ANyone out there studying this course or completed? Just stared and loking for study buddy or general guidence. Long time no study-any help appreciated


----------



## VSntchr (29 May 2011)

tines said:


> ANyone out there studying this course or completed? Just stared and loking for study buddy or general guidence. Long time no study-any help appreciated




will be starting in july probably..


----------



## lukeymacca (30 May 2011)

Im keen on doing this also.. still deciding on who to study with though.

Whats everybody planning to get from this course? Are you all interesting in becoming financial advisers or are you doing it for personal knowledge.


----------



## Risk Chaser (31 May 2011)

Currently on my last subject, hopefully can finish before 30th June. I find the assignments harder than the exams which are multiple choice and open book.


----------



## Russell (31 May 2011)

When I have the money I will be considering signing up for this. For people who have done the course or are near completion: how did you find it?



lukeymacca said:


> Whats everybody planning to get from this course? Are you all interesting in becoming financial advisers or are you doing it for personal knowledge.

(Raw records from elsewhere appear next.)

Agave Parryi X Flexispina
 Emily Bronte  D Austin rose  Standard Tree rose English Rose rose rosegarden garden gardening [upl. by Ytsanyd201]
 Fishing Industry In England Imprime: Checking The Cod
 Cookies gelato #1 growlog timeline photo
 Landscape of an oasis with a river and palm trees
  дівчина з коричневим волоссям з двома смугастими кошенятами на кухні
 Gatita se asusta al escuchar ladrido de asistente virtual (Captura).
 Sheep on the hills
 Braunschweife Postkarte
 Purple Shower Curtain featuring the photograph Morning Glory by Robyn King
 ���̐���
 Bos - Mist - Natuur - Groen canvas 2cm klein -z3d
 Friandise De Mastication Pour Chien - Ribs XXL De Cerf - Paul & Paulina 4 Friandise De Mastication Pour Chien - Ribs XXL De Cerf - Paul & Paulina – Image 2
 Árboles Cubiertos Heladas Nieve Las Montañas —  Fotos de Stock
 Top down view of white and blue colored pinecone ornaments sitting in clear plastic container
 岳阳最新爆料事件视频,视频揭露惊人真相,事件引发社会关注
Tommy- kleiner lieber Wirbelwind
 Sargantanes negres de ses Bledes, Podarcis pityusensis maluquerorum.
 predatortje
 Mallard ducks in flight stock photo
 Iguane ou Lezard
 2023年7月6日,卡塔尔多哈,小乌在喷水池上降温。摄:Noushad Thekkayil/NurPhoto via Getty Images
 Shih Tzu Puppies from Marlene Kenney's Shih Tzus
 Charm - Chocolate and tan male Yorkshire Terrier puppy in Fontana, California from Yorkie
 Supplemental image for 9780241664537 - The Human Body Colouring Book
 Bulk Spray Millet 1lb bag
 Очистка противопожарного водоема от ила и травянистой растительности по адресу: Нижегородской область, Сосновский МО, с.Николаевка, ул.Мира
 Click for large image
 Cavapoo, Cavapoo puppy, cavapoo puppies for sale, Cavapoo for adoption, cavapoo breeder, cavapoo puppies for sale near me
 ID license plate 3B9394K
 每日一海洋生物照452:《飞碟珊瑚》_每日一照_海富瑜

I'm currently working in the Approvals department for a finance company. I'm doing it for personal knowledge and hopefully to make a career of it in the future, as I find my current position somewhat monotonous now.


----------



## ausmn (23 November 2011)

Risk Chaser said:


> Currently on my last subject, hopefully can finish before 30th June. I find the assignments harder than the exams which are multiple choice and open book.




i have just got my result of assignement. i have to resubmit Question 4. I am doing with Kaplan financial planning service first module. Could you help? and i have to do the online exam in December . Many thanks


----------



## angelcg (13 January 2014)

Hi, I'm thinking in enrol to this course, but I can't decide when yet. Is there any manual or book that I could have a look before starting? Thanks.


----------